Located at the top of a narrow metal spiral staircase, the tiny Atrium bar found George Ezra, a man who played to a packed BBC Introducing Stage at this year’s Glastonbury and has signed a deal with Columbia records, playing to a small handful of listeners. Yet reports informed us that it was a one in one out situation at the same venue for local folk group The Day of the Rabblement a little later. Likewise one of Portsmouth’s better indie rock bands Kassassin Street pulled a big lunchtime crowd at the Wedgewood Rooms, but not so many of them stuck around for London’s Flyte afterwards, another band on an upward trajectory and whose tight musicality, harmonies and natural song writing ability suggested that the ladder they’re climbing is a long one, but they’re more than capable of getting higher than they are now.
2. Don’t believe everything you read on the internet, especially if it’s hype over the band Superfood.
Taste is a funny thing. “The best new band of the year,” we’d read some time ago (here). Yet the guitar based equivalent of a rather bland Findus ready meal left us utterly cold and hungry for something more than a rehash of all of the worst bits of slacker indie meets grunge meets Britpop from the 90’s.
3. You don’t need wellies at Southsea Fest like you might at an outdoor music festival but sensible footwear is still advised.
Eleven hours of gigs = cider coated floors. Particularly at the Wedgewood Rooms.
4. The smells of Southsea Fest are a cocktail of sweat, lager and cider.
One of the most popular venues at Southsea Fest is always the Alcopop! / Big Scary Monsters curated Edge of the Wedge stage, which by early evening has usually turned into something of a clothed rock’n’roll sauna. 2013 was no exception. We saw people falling out of the room coated in sweat but with huge smiles on their faces after The Computers set. Likewise Southsea Social Club (which featured two venues in one building) smelt like a teenage boys bedroom by early evening. Downstairs we caught Curxes throwing aside their synth led dramatic pop for something more punkish, fiery and aggressively finger flicking, whilst upstairs Is Bliss did their very best to wreck ear drums with their mind consuming shoegaze noise, guitar chucking and swaths of reverb. None of this was for the faint-heated or sensitive of nostrils.
5. Not everything at Southsea Fest is as intensive on either the ears or nose.
For those who preferred their rock’n’roll thrills a little more sedate and comfortable, the lavish environs of the Edwardian playhouse Kings Theatre was distinctly more fresh smelling. Of particular highlight there was Sons & Lovers whose widescreen rock / pop reached for the venues heightened ceilings and touched them, songs like Golden and King turning up the knob marked epic. Foy Vance also delighted the audience with heartfelt songs and engaging banter and he left the stage with the crowd singing the chorus of his last song Guiding Light (streaming below).
6. There really should have been a late night chemist nearby.

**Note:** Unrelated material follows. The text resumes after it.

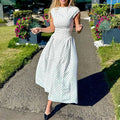 cross-border e-commerce european and american women's clothing: new summer collection - french polka dot round neck, slim-fit, a-line maxi dress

Just so the Andy Falkous, lead singer of Future Of The Left could buy some throat lozenges after he had howled and snarled his way through a set that was the musical equivalent of a truck collision. "Do people actually enjoy this?" we overheard one slightly bewildered punter question as the band launched into another assault of frantic and abrasive riffs and shouting.
7. Indie rock music is becoming increasingly more revivalist.
Already with a seal of approval from Johnny Marr and Noel Gallagher, Kettering band Temples turned in a performance that was highly accomplished, but after they exited the stage there was a nagging doubt that their 12-string tunes and penchant for recreating a psychedelic sound from over 50 years ago was just a little too much. Likewise earlier on the same stage Night Engine played a bunch of songs that as tight and as faultlessly spikey as they were veered perilously close to being like a David Bowie tribute act. Is rock music now tradition or will it eventually find some new ideas and progress again?
8. Every festival should have a catch up break around tea time.
In prior acknowledgement that sometimes things don’t go to plan, particularly when you have over 100 bands playing on one street and a small team to manage them all, some stages at Southsea Fest had catch up breaks. Not only good for the festival, but good for the punters to – a perfect time to grab some food, go to the toilet etc knowing you’re not going miss anything and possibly spotting the member of a spotty leather clad indie rock trio in Ken’s Kebabs.
9. Southsea Fest is probably the best value sweaty rock’n’ roll experience you can have legally for just a few quid.
With an early bird ticket costing a mere £12 Southsea Fest makes a welcome alternative in the increasingly expensive festival market. We watched 14 bands full performances all at a leisurely pace. That’s 86p a band. Now that’s what we call a bargain.
10. After all that learning we drew some conclusions.
With seven years under its belt Southsea Fest continues to put Portsmouth on the musical map. It’s an event that local people feel attached to whilst it slowly increases its status nationally. Roll on Chapter 8 in 2014.